Thursday, December 13, 2018

, , , , , ,

Summer Program Pt.2: Yuk, Study Exchange!

Foto dengan teman-teman Summer Program Creativity and Entrepreneurship. (Photo Credit: Chandra)


Jika ada part 1 maka seharusnya ada part 2 dan seterusnya. Sebelumnya ada niatan untuk tidak meneruskan tulisan mengenai Summer Program di Taiwan tetapi sudah lama judul ini bertengger di atas dashboard ku, menunggu untuk di edit dan kemudian untuk di post. Maka disinilah saya, karena kegabutan (habis minggu UAS coy!) akan menciptakan sebuah tulisan dan opini. Dengan rentang 6 bulan dari postingan pertama, sebenarnya ada kemungkinan postingan kali ini  tidak terlalu berhubungan dengan postingan sebelumnya. 

***
Sebagai seseorang anak rantau yang memanggil kota Batam sebagai rumah maka sudah tidak asing lagi bagi saya untuk mengunjungi negara tetangga seperti Singapura ataupun Malaysia. Punya passport di Batam itu sudah 'seharusnya'  karena akan benar-benar sangat disayangkan apabila orang Batam tidak pernah sekalipun main ke negara tetangga (read: Singapura) yang notabene 35-45 menit dari Batam by ferry (Makin lama makin singkat deh perjalanannya kesana). Yah, intinya sih saya pernah ke luar negeri. Dengan keluar negeri kita bisa mengenal budaya baru di luar budaya keseharian kita, namun sebenarnya kalau konteksnya liburan pasti jarang sekali untuk berinteraksi dengan penduduk disana. Yang selama ini saya perhatikan adalah orang-orang cenderung sibuk sendiri dengan kegiatannya ketika sudah diluar sana. Personally, saya sendiri juga begitu.
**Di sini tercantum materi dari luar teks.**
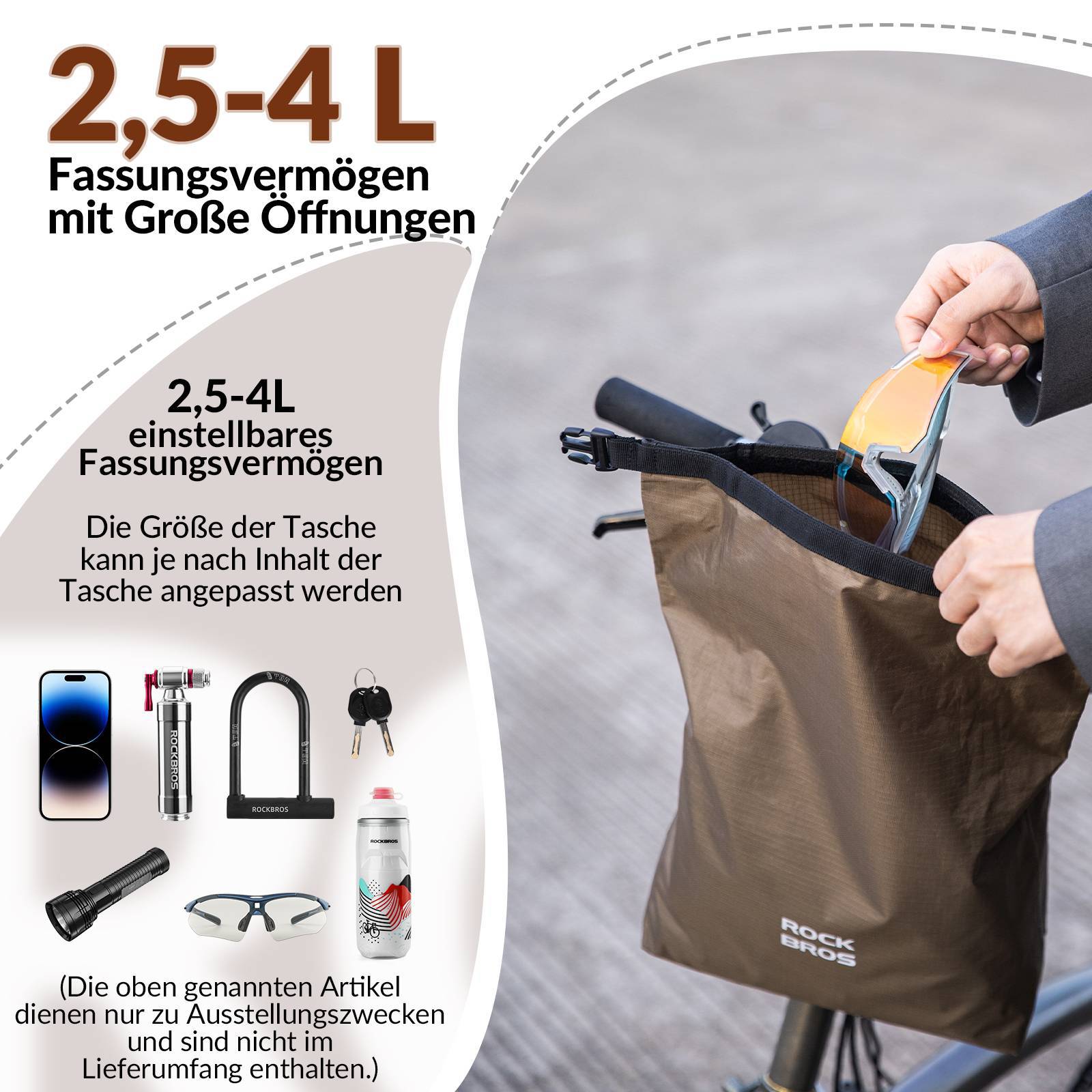 ROCKBROS Lenkertasche Wasserdichte Fahrradkorb Fronttasche Einstellbar 2,5L - 4L - Fahrradtaschen ROCKBROS - EU - NooMii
Kemudian ketika saya duduk di bangku perkuliahan, saya terinspirasi dengan kating saya yang pernah keluar negeri untuk study exchange. Ini mendorong saya untuk kemudian menetapkan "Study Exchange" sebagai salah satu goals saya selama menjadi mahasiswa, entah itu bagaimana pada saat itu saya hanya punya satu tujuan, yaitu untuk merasakan suasana belajar di negeri orang. Karena tidak memungkinkan bagi saya untuk mengambil pertukaran selama 6 bulan, saya sangat beruntung pengumuman mengenai Summer Program di Taiwan ini muncul suatu hari di notif line saya. Kebetulan ada rasa affinity yang gede sekali dengan program ini, lalu dengan tekad dan niat yang kuat langsung tatak daftar dan urusin semua syarat administrasinya. Memang ribet ngurusin administrasi apalagi di tengah-tengah libur semester, but everything will be worth it. Akhirnya, goals saya kesampaian.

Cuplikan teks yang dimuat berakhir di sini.